U.S – Various consumer groups and businesses have implored the U.S. Department of Agriculture’s (USDA) Agriculture Secretary, Tom Vilsack to modernize poultry safe regulation through science-based reforms.

Joining the consumer groups in penning the letter are also foodborne illness survivors, poultry industry leaders, academic scientists, and other food safety leaders. Participating companies include Tyson Foods, Perdue Farms, Butterball, and Wayne Farms, and participating groups include Centre for Science in the Public Interest, Consumer Reports, Stop Foodborne Illness, and the Consumer Federation of America.

The letters sought USDA to implement new poultry food safety standards because the current methods are “broken.”

The letter explained that while progress on plummeting foodborne illness has been at a standstill, scientific knowledge of Salmonella has greatly increased and recognized best practices for Campylobacter and other pathogens have advanced.

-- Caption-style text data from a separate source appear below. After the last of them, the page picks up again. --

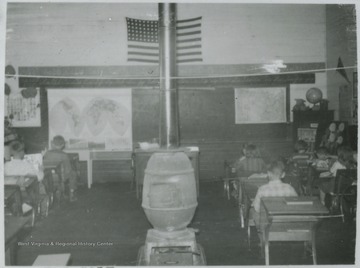 Interior of the school. Children occupy desks facing the chalkboard. Subjects unidentified. 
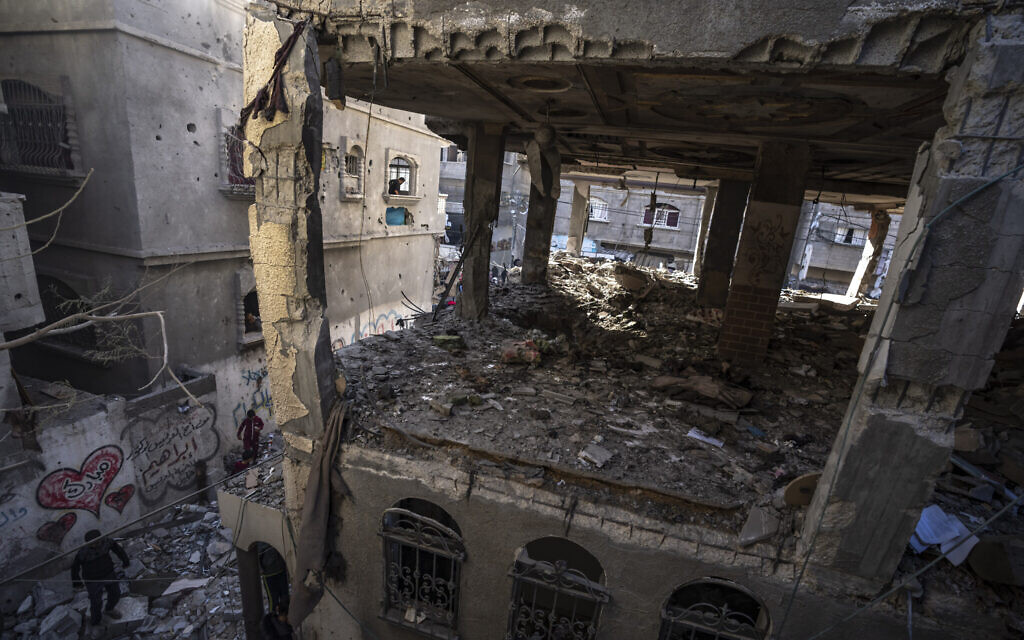Palestinians check a house destroyed in an Israeli strike on Rafah, Gaza Strip, Dec. 11, 2023. (AP Photo/Fatima Shbair)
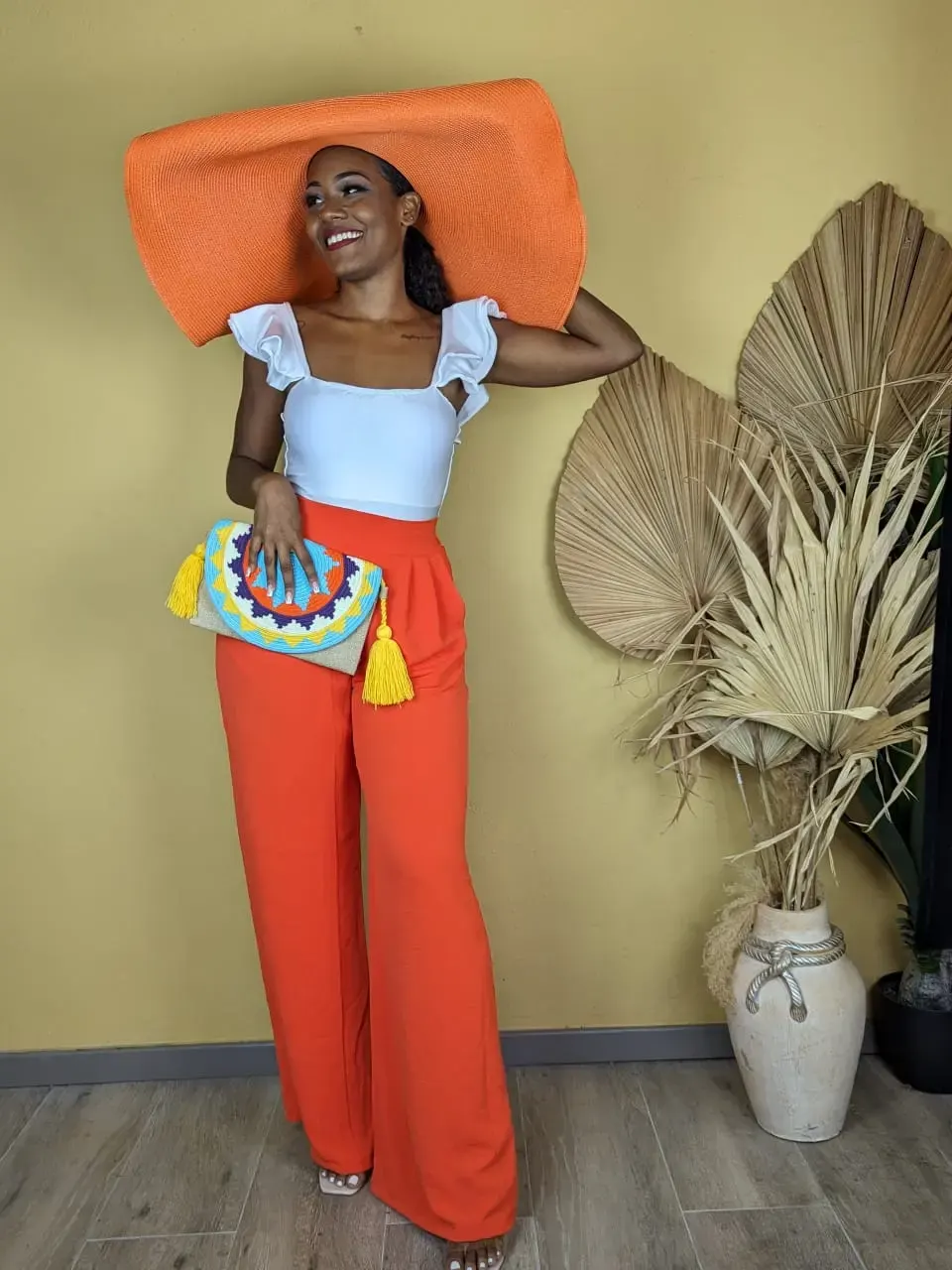 Femme portant un grand chapeau orange avec un top blanc et un pantalon large assorti, look estival élégant et coloré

Science reveals that current performance standards do not effectively target the particular types of Salmonella and the levels of bacteria that pose the greatest risks of illness, and the overall regulatory framework does not adequately harness modern tools for preventing and verifying control of the bacteria that are making people sick.

The letter also asks for poultry food safety standards that are “objective, risk-based, achievable, enforceable, and flexible” enough to adapt to science, which is constantly evolving.

Foodborne pathogens in poultry

Foodborne pathogens remain a significant threat to public health in the United States, sickening millions of Americans annually. Salmonella and Campylobacter, which are commonly found in poultry, account for over 70% of all foodborne illnesses tracked by the Centers for Disease Control and Prevention (CDC). 

Annually, these two pathogens cause approximately 3 million illnesses in the U.S. and cost over 6 billion dollars.

In 2010, the Department of Health and Human Services (HHS) included foodborne illness reduction in its Healthy People 2020 national public health goals, setting targets for lower Salmonella and Campylobacter illness rates.  Unfortunately, these target rates were not met.  Rather, recent surveillance data indicate that the rates did not decrease from 2010 to the present and have been persistently high for the last 20 years. 

Last year, HHS released the Healthy People 2030 goals and again included both Salmonella and Campylobacter illness rate targets, but they are essentially the same as in the 2020 goals. The letter called for a better approach to meet these goals.